C’est un voyage en train, par opposition à un autre moyen de locomotion. D’abord parce que le train permet de reconnecter les wagons et les frères en ont besoin. Ils doivent réapprendre la patience.
You wanna read a short story I wrote in France?
How long is it?
What?
How long is it?
How long is it? Never mind. Forget it.
En voiture, on est trop occupé à conduire ou avoir envie de pisser pour se poser ce genre de questions existentielles.
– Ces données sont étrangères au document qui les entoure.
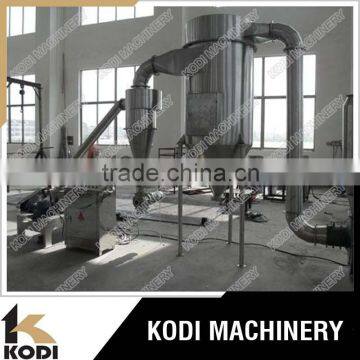 KODI Stainless Steel Carrageenan Superfine Pulverizer Mill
I wonder if the three of us would’ve been friends in real life. Not as brothers, but as people.
En avion, on a la nausée et en bateau, on peut couler à tout moment. Jack et Rose ont beaucoup discuté de la lutte des classes à bord du Titanic et on a bien vu comment cela s’est terminé. Alors qu’en train, on est a priori sur les bons rails.
How can a train be lost? It’s on rails.
C’est un voyage en Inde, un pays spirituel qui sent fort.
I love the way this country smells.
Les frangins se sont détachés de tout. Ils se sont immunisés et désensibilisés. Besoin de retrouver des sensations, de toucher et de sentir. L’Inde va les forcer à s’ouvrir. Ce voyage leur offre un dépaysement et leur permet d’aller à la rencontre d’une autre culture pour comprendre que le monde ne se résume pas à New York. En Inde, il y a d’autres coutumes. C’est rafraîchissant. Tout devient de nouveau possible.
They’re playing cricket with a tennis ball.
Ce voyage, comme un exercice de résilience, va être l’occasion de parler des problème et de les confronter qui est l’étape nécessaire avant de pouvoir s’en débarrasser. Les trois frères ne posent pas leurs valises mais ils perdent leurs bagages, ceux de leur père.
Dad’s bags aren’t gonna make it.
Ils gagnent en liberté et en sérénité car ils ont fait la paix. L’esprit clair, ils peuvent enchaîner sur un autre train et un nouveau voyage, sur un coup de tête. Parce que la vie est bien plus drôle quand elle est spontanée.
Fuck the itinerary.
Le voyage ne s’arrête pas, en tout cas pas pour eux.
It’s over.
Not for us.
Les moins de 26 ans, gâtés pourris avec leur carte SNCF illimitée, ne connaissent décidément pas leur bonheur.